BRITAIN is drawing up plans to scramble a warship to defend our Cyprus military base following a drone attack from Iran.
Government sources confirmed that ministers were “considering” deploying a Navy gunboat to RAF Akrotiri.


The base was hit by an Iranian drone on Sunday that came within 800 yards of UK personnel stationed on the island.
Defence Secretary John Healey has been in talks with officials over the past 24 hours over whether to send a warship – likely the Type 45 Destroyer HMS Duncan.
During that time French president Emmanuel Macron ordered two warships to guard Britain’s RAF Akrotiri in Cyprus, after Cypriot leader Nikos Christodoulides pleaded for help shoring up the island’s defences.
Starmer is already under the cosh for angering US President Donald Trump and putting the Special relationship in peril.
France’s intervention comes hours after Greece also stepped in, offering military support following two drone incidents targeting Britain’s sovereign base on the island.
In the first strike, an Iranian-made Shahed drone slammed into the runway, causing limited damage, and two more drones were intercepted just hours later.
Senior Cypriot officials say the attack was carried out using an Iranian Shahed drone, likely launched by the Iran-backed militant group Hezbollah from Lebanon.
They stressed the intended target was the British base – sovereign UK territory – not Cyprus itself.
The flare-up followed Britain’s decision to grant a US request to use its bases for “defensive” strikes against Iran, after Washington and Israel launched a military campaign that triggered retaliation from Tehran.
Prime Minister Keir Starmer later insisted Britain’s Cyprus bases were not being used by US bombers.
Cyprus has since urged the UK to restrict the bases to humanitarian operations only.

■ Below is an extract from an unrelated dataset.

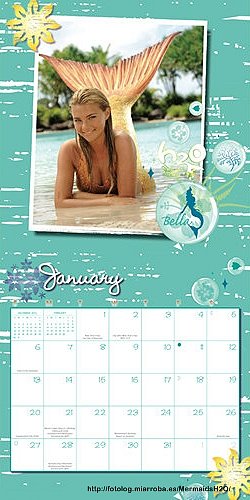 Mes de Enero del calendario de H2O de 2013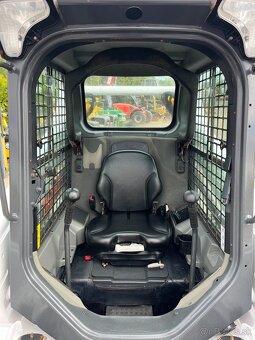 Nakladač smykovy Bobcat S530, nové pneumatiky, UNC, CAT, - 14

Athens has already dispatched four F-16 fighter jets and two frigates to the island.
One warship is equipped with the Centauros anti-drone jamming system – technology previously deployed against Houthi rebels targeting shipping lanes off Yemen.
Defence sources say Centauros can detect and disable low-flying drones like the one that evaded radar before crashing into RAF Akrotiri – exposing glaring vulnerabilities at the key British military outpost.